# Provided material:
-- -- --
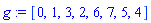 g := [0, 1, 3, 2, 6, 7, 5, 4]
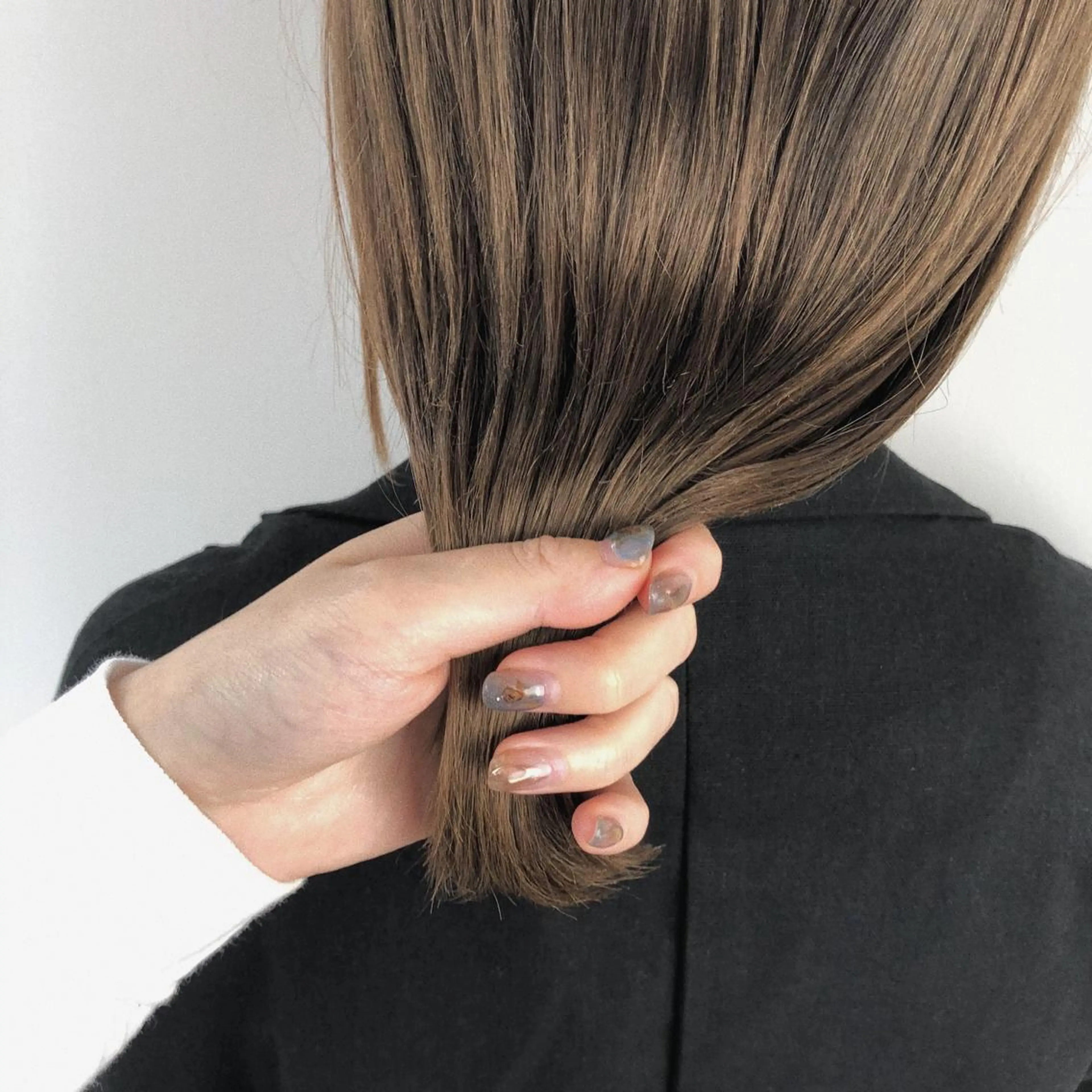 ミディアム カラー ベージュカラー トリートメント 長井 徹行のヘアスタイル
-- -- --
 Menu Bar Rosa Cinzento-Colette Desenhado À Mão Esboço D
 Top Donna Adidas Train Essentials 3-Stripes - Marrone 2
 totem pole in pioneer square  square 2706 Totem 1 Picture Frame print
-- -- --
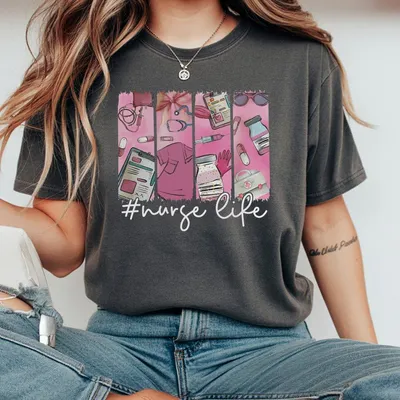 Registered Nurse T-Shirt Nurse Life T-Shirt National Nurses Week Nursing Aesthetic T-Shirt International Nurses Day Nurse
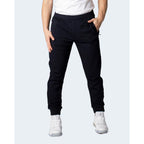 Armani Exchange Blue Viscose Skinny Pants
-- -- --
# Required action:
Go through the material above and output exactly the lines from the one containing "Top Donna Adidas" through the one containing "totem pole in".

# Exercise solution:
 Top Donna Adidas Train Essentials 3-Stripes - Marrone 2
 totem pole in pioneer square  square 2706 Totem 1 Picture Frame print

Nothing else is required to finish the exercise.